Prime minister plays cabinet video of then US President Clinton praising nuclear deal with North Korea, 12 years before Pyongyang detonated first nuclear device.

Netanyahu speaks about Iran deal
While the world powers may be willing to come to terms with capitulation to an Iranian regime that continuously calls for the destruction of the Jewish State, Israel is not willing to do so, Prime Minister Benjamin Netanyahu said at the start of Sunday's cabinet meeting.
Netanyahu, alone among world leaders publicly railing against the apparently impending nuclear deal with Iran, said that Iran is not hiding its aggressive intentions against Israel and the US even as the negotiations in Vienna are continuing.
He said that the Iranian Supreme Leader, Ayatollah Ali Khamenei, was quoted over the weekend as saying that Iran “needs to plan to fight the US regardless of whether there is an agreement.”
And Iran's President Hassan Rouhani, Netanyahu pointed out, stood Friday at the head of the anti-Israel Quds Day “march of hatred” in the streets of Tehran, during which “US and Israeli flags were burned, and in which many chanted 'Death to America' and 'Death to Israel.'”
All of this is happening, he said, as the “march of concessions to Iran continues in Vienna, concessions even on issues that had been marked as red lines in the Lausanne package, which is a bad deal in its own right.”
The agreement being hammered out, the prime minister warned again,  “will pave Iran's way to many nuclear bombs and gives it hundreds of billions of dollars for its terrorism and conquest machine, thereby engaging the peace of the entire world.”

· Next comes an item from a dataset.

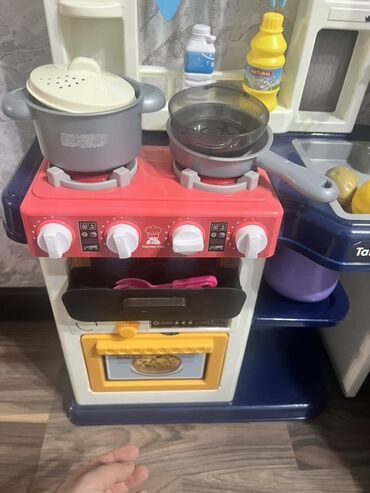 домик для ребенка: Детская игровая кухня "Talented Chef" (Талантливый повар) предлагает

To stress the wrongheaded nature of the agreement, Netanyahu played a 57-second video of former US president Bill Clinton announcing the signing of a nuclear agreement with North Korea on October 31, 1994.
"Before I take your questions, I'd like to say just a word about the framework with North Korea that [then chief US negotiator] Ambassador [Robert] Gallucci signed this morning. This is a good deal for the United States," the video shows Clinton saying at a press conference.
"North Korea will freeze and then dismantle its nuclear program. South Korea and our other allies will be better protected. The entire world will be safer as we slow the spread of nuclear weapons.”
Clinton said that the “United States and international inspectors will carefully monitor North Korea to make sure it keeps its commitments. Only as it does so will North Korea fully join the community of nations."
Twelve years later, in 2006, North Korea detonated its first underground nuclear explosion.